= Jens Christian Jensen =

German art historian and curator (1928–2013)

Jens Christian Jensen (11 May 1928 – 6 April 2013) was a German art historian and curator.

== Life ==
Born in Lübeck, after the Abitur passed at the Katharineum, Jensen studied art history, classical archaeology, Germanistics and history of Christianity in Heidelberg and Mainz from 1949. He received his doctorate in 1954 with Walter Paatz on Master Bertram as a picture carver. He then worked as a volunteer at the Museum für Kunst- und Kulturgeschichte in Lübeck. From 1958, he was first a research assistant, later curator at the Kurpfälzisches Museum in Heidelberg and from 1968 to 1970 director of the Heidelberger Kunstverein.

In 1971, he was appointed the first independent director of the Kunsthalle Kiel and executive chairman of the Schleswig-Holsteinischer Kunstverein. Jensen retired in 1990.

From 1972 to 2005, Jensen was a member of the scientific advisory board of the Museum Georg Schäfer in Schweinfurt. In 1979, he was awarded the Honorary Professorship of the State of Schleswig-Holstein "in recognition of his services to the activation of art life in Schleswig-Holstein and in appreciation of his scholarly achievements in the service of art". Jensen was the author of numerous writings on medieval sculpture, on 19th and 20th century painting and drawing, and on contemporary art. In 2008, he was curator of the exhibition Carl Spitzweg and Wilhelm Busch. Two Artists' Anniversaries in the Wilhelm Busch Museum in Hanover.

Jensen was decorated as a knight of the Danish Order of the Dannebrog. He was a member of the Royal Norwegian Society of Sciences and Letters in Trondheim. He received an honorary doctorate. In 1991, he was honoured with the Kultur- und Wissenschaftspreis der Stadt Kiel.

Jensen died in Hamburg at the age of 84.

== Publications (selection) ==
- Meister Bertram als Bildschnitzer. Das Verhältnis des Doberaner Lettneraltares zu den Skulpturen des Hamburger Petrialtares. Dissertation Heidelberg 1954 (Maschinenschriftlich vervielfältigt 1956).
- Jens Christian Jensen (ed.) 100 Jahre Kieler Woche – Lyonel Feininger: Gemälde, Aquarelle und Zeichnungen, Druckgraphik. Verlag: Kunsthalle zu Kiel der Christian-Albrechts-Universität, Kiel 1982
- Amerikanische Kunst von 1945 bis heute. Published together with Dieter Honisch. DuMont, Cologe 1976
- Philipp Otto Runge.
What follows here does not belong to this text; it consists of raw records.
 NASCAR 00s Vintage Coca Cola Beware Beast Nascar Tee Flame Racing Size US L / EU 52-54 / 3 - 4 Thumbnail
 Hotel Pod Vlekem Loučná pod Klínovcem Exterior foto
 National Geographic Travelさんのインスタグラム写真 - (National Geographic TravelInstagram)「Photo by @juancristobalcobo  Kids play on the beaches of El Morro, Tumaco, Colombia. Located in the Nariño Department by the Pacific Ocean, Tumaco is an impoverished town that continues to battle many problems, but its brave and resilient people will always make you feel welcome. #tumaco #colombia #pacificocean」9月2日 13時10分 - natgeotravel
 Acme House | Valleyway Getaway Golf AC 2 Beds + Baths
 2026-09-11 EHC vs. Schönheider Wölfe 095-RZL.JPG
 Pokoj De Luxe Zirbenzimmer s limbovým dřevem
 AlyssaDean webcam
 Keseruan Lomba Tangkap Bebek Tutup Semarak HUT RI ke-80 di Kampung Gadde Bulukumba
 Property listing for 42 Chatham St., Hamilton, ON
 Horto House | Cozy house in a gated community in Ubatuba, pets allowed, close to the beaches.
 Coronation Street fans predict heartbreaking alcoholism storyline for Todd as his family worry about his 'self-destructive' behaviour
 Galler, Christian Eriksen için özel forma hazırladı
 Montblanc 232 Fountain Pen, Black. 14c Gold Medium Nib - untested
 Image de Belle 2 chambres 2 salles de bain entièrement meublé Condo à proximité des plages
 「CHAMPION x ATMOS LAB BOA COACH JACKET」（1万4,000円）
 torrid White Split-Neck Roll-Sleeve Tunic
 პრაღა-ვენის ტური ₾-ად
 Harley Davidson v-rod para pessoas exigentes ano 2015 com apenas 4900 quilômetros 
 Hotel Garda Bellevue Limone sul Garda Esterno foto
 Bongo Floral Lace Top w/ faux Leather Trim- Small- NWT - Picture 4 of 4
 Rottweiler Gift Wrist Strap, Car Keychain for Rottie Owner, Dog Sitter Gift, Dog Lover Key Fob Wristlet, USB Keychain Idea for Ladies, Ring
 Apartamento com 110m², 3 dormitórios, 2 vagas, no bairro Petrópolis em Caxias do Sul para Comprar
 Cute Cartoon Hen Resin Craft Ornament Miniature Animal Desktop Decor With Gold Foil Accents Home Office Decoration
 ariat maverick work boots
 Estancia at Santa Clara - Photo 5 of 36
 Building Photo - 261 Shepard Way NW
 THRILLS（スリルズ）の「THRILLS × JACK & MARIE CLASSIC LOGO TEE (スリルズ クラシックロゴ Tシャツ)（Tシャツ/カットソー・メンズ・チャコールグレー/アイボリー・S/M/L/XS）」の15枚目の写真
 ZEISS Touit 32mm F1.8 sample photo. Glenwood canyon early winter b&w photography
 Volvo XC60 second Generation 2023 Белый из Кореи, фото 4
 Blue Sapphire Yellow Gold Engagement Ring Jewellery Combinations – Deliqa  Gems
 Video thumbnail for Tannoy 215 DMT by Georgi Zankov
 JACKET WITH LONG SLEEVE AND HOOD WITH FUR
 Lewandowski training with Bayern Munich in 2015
DuMont, Cologne 1977, ISBN 3-7701-0907-4
- Christian Rohlfs. Gemälde − Aquarelle. Ausstellungskatalog. Kunsthalle, Kiel 1979
- Paul Wunderlich. Eine Werkmonographie with contribution by Max Bense and Philippe Roberts-Jones. Volker Huber, Offenbach 1980
- Günter Grass. Hundert Zeichnungen 1955–1987. Ausstellungskatalog der Kunsthalle Kiel. Herausgegeben von Jens Christian Jensen, Kiel 1987, ISBN 3-923701-23-3
- Harald Duwe. Werkverzeichnis der Gemälde und Ölstudien. Prestel, Munich 1987, ISBN 3-7913-0818-1
- Carl Spitzweg. Zwischen Resignation und Zeitkritik. DuMont, Cologne 1991, ISBN 3-7701-0815-9
- Caspar David Friedrich. Leben und Werk. (dumont Taschenbücher, vol. 14), 1st edition, DuMont Schauberg, Cologne 1974, ISBN 3-7701-0758-6 (Nachauflage 1995).
  - New edition, revised and with an Afterword, DuMont, Cologne 1999, ISBN 3-7701-4800-2.